I'm talking about this because I'm disgusted by the mainstream media's coverage of Israel's current military actions in Lebanon. Especially disappointed by public broadcasters such as PBS, BBC and CBC, who I typically prefer to watch. They've interviewed citizens on the streets of Beirut and emergency room physicians treating the injured. They've shown the destruction of homes and buildings in Southern Lebanon, where Hezbollah is embedded, and from where they have been launching rockets at the communities of northern Israel for decades, but particularly since October 8th. What they haven't shown are the abandoned towns of northern Israel, because there's not much to see. They haven't shown the damage done by the thousands of rockets fired into Israel, because frankly, there hasn't been that much (although there has been some). Israel has spent decades and billions of dollars building the Iron Dome missile defense system and it has proven extremely effective. That's a great story, but protection against destruction (as opposed to actual destruction) isn't terribly exciting.
The mainstream profit-driven media can be forgiven for their morbid obsession with covering tragedy and destruction, but not public broadcasters. If money isn't the reason, then why the obvious bias? The answer is found in the mission of taxpayer-funded media, which typically centers on telling the stories of the marginalized, the under-represented and minorities. In some ways this makes public media even more susceptible to a certain kind of oversimplification, one that characterizes some people as victims and others as victimizers. It's quite astonishing to witness how readily public broadcasting has fallen into the trap of creating a moral equivalence between the State of Israel and terrorist groups Hezbollah and Hamas. One side a democratic state accountable to its citizens and the rule of law, the other side outlaw non-state actors accountable only to their patron. One side whose mission is to protect its constituents from harm, the other who exploit their constituents by promoting harm to them. The country defending itself against terrorism is thus portrayed as the aggressor and the homicidal/suicidal terrorists are depicted as aggrieved. It would be absurd if it wasn't so shameful.
The consistent media bias against Israel, I don't believe, is due to systematic anti-Semitism, and I'm very wary of calling everything and anything anti-Semitism. There are plenty of stories about Jewish people that are fair and positive. The bias of public media against Israel is more closely related to the impetus of publicly-funded agencies (whether in Canada, the UK or the US) to apologize for being associated with power. It's about having guilt for regrettable historical injustices, and wanting to makes amends by acting as an agent of contemporary social change. The result is the predominance of stories that elevate perceived victims. In Canada it's noticeable in the way stories about our indigenous minorities feature so heavily in public media. These are stories that implicitly romanticize the aggrieved and portray them as inherently righteous. But so much of the truth gets glossed over and whitewashed in the narrative.

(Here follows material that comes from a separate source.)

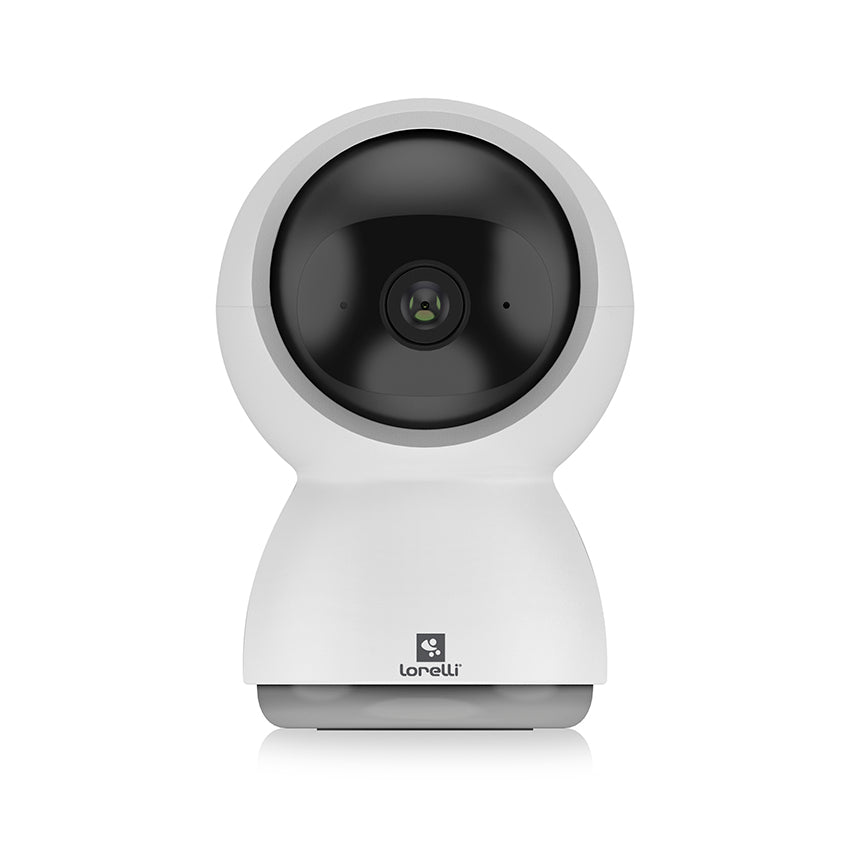 LORELLI WI-FI Camera "TRINITY"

And so it is with Israel. Because Israel has an army dedicated to the defense of its citizens and borders, and because it is effective, it is seen as the aggressor, and the terrorists that use innocents as human shields and embeds in civillian communities are seen as victims. The latter is the war crime, not the former. The latter is genocidal, not the former. It's mindboggling that public media can't or refuses to figure this out.